On Trinity Sunday, not long after, these same lords and prelates were witnesses of the coronation at Rheims of Charles and his wife. The ceremonies and festivities lasted five days, after which Charles returned to Paris to take up the burden of government of a disordered and disheartened country.

John’s lavishness could not make the people blind to their losses by the plague and three years after Charles’s accession a new attack swept across France striking chiefly the large cities where ignorance of sanitation produced conditions in which truly only the “fittest”—the toughest—could survive. A writer of the time says, “None could count the number of the dead in Paris, young or old, rich or poor; when death entered a house the little children died first, then the menials, then the parents.” It is only wonderful that such epidemics did not make their visitations oftener, when, for instance, the bodies of Marcel and his companions in treachery were cast into the river at the Port Saint Paul, which is above the city, and the city continued to use the river water for drinking purposes.

The laxities of the last reign had permitted roving companies of what were little other than bandits to fight and burn and slay all over France, while in the northern provinces a lively war was going on with the Navarrese, helped by the Gascons and by bands of English. The territorial loss due to the Peace of BrÉtigny was a sore memory to king and people, and this participation in the internal strife of the country by the chief enemies of France aggravated hatred of the English. Nor was England the only land troublesome to Charles. There were dissensions in Italy and Spain and the French of the south were drawn into affairs that touched them practically although they were over the border. Avignon, which had been the enforced home of the popes since Philip the Fair’s refusal to acknowledge the temporal power of the pontiff over sixty years before, was deserted by Pope Urban V, who went to Rome in spite of Charles’s protestations. The emperor of Germany, Charles IV, was the only monarch of Europe who seemed to have any kindly feeling toward the young king. His friendship continued throughout Charles’s reign, and in 1378, two years before its end he and his son paid a visit to Paris.

Charles showed his appreciation of the imperial good will by the cordiality and elaborateness of his reception. The king’s representative, the Provost of Paris, and the people’s representative, the Provost of the Merchants, went as far as Saint Denis to meet the German train. The king himself, dressed in scarlet and mounted on a handsome white horse, awaited them at the suburb of La Chapelle. The combined retinues made a dazzling procession across the city to the palace on the island, where, in the evening, a supper was served to over eight hundred princes and nobles. The effect was disastrous on the emperor for he was so laid up with gout on the following day that he had to be borne by servants even the short distance between his apartments and the Sainte Chapelle where he heard mass and saw the Most Holy Relics. On that same day the burghers expressed their satisfaction with the visit by presenting their imperial guest, by the hand of the Provost of the Merchants, with a superb piece of silver and two huge silver-gilt flagons. Every day of the succeeding week was filled with festivities. In the city the emperor visited the Louvre and the HÔtel Saint Paul—the new palace at the east end—where he was received by the queen who showed him the royal menagerie. He made various excursions in the suburbs—to Saint Denis to see the tombs of the French monarchs, to the abbey of Saint Maur, east of the city, to the chÂteau of Vincennes, where Charles was born and where he was destined to die two years later, and where now the imperial gout prevented the elder guest joining the younger in a stag hunt, and finally, on the day of departure, to the king’s favorite chÂteau—de BeautÉ. Here the monarchs parted after exchanging rings and expressions of esteem.
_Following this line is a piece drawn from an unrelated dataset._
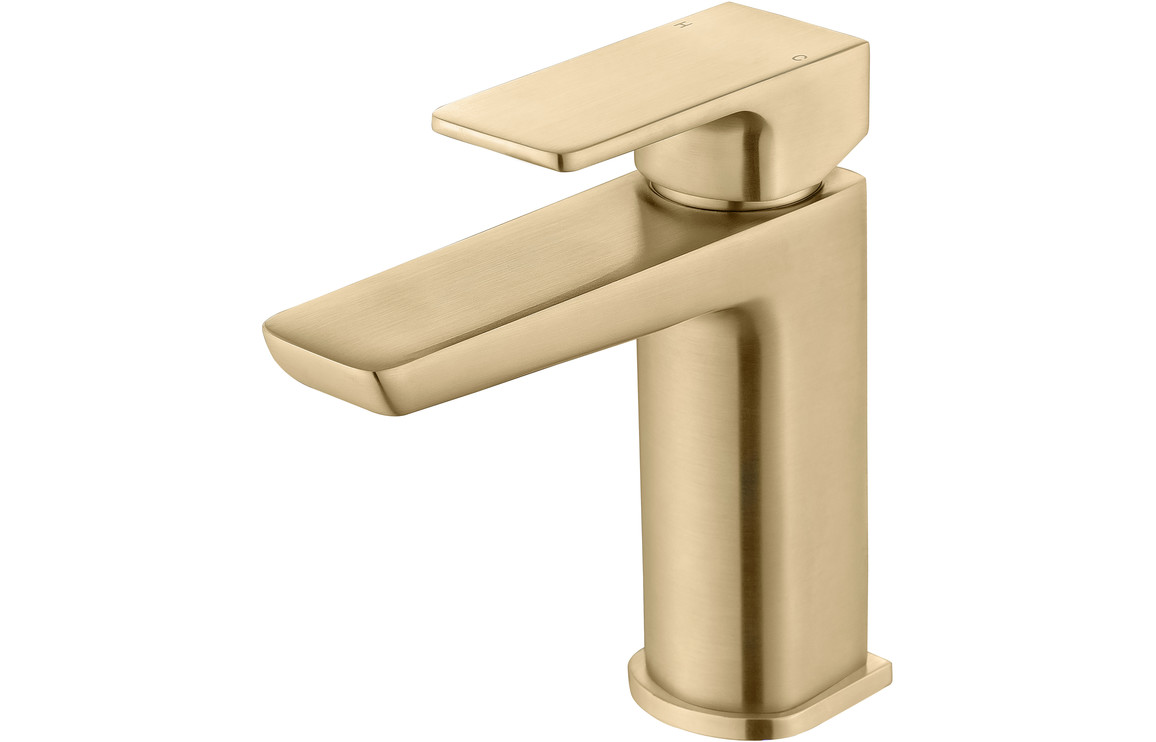 Philelisse Basin Mixer & Waste - Brushed Brass, Bathroom Taps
Since Charles had so many troubles, both domestic and foreign, to contend with, it was fortunate that he was intelligent in his choice of advisers and sagacious and prudent in his legislation. Often he was hard-pressed financially, and more than once he had to summon the States General to secure approval of tax levies and of political moves. His fighting was not glorious, though Du Guesclin, whom he appointed Constable, was both bold and determined, but he knew how to make use of stratagem and even of defeat and to turn the quarrels of others to his own account.

Having brought about a state of peace and understanding in the immediate provinces and having strengthened himself by securing the fortification of many towns and the increase of his army, Charles found himself in a position to take the offensive against the English. A beginning at changing the state of affairs brought about by the Peace of BrÉtigny was made when the lords of Aquitaine, which the royal house of England held subject to Charles’s suzerainty, went to Paris, and, to the delight of the Parisians, entered a formal complaint against the harsh rule of the Prince of Wales. Edward was summoned to appear before the court at Paris. His reply to the messengers was: “We will willingly appear at Paris, since so the king of France commands us, but it will be with basnet on head and with sixty thousand men at our back.”
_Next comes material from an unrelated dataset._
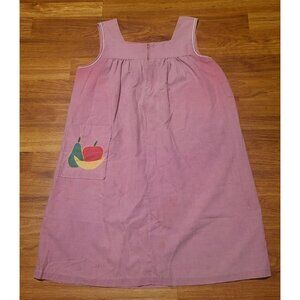 VTG Larwin Plus 70s Nightgown Sleep Dress Fruit Pink Size 42-44 Read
The States General supported Charles, and the court maintained that king Edward had forfeited his French holdings by failing to appear in Paris.

The English retaliated promptly, and for the remaining eleven years of Charles’s reign there was constant fighting though no great battle. Charles was not a knight of noteworthy personal prowess like his father. He never went to war himself, but he directed every move and carried diplomacy into every plan of operations. His army tolled the English along, always seeming to promise a meeting but never coming to grips, while at the same time it used up the food supply of the country and made the maintenance of the foreign force a matter of extreme difficulty. Small affairs were not prohibited, however, and the French took an English town here and another one there and won still others by stratagem.

At last from sheer fatigue a truce was entered into which lasted some two years. During it the Black Prince died. “The King of France, on account of his lineage,” says Froissart, “had funeral service in honor of him performed with great magnificence in the Sainte Chapelle of the palace in Paris, which was attended by many prelates and barons of the realm.”

A little later Edward III died and Charles, after holding a memorial service for him, also, in the Sainte Chapelle, at once put five armies into the field and instituted so vigorous an offensive policy that at the time of his death in 1380 the English were driven out of all but five coast cities.

Two months before the king’s death he lost his strong-armed Constable, Du Guesclin, at the siege of ChÂteauneuf-Randon. Strangely enough for a man who had spent his life in arms the great fighter did not die sword in hand, but of illness and in bed. The governor of the town, who had promised to yield to the Constable and to him alone, refused to give up his keys to the second in command and going out from the citadel laid them on the bier of the great captain. Du Guesclin’s body was carried to Paris where it lay in the monastery of the Cordeliers on the left bank before it was taken to Saint Denis where his tomb was arranged at the foot of the tomb which Charles had had prepared for himself. The ceremonies were as elaborate as those for a member of the royal family, in such esteem did the king hold the departed soldier.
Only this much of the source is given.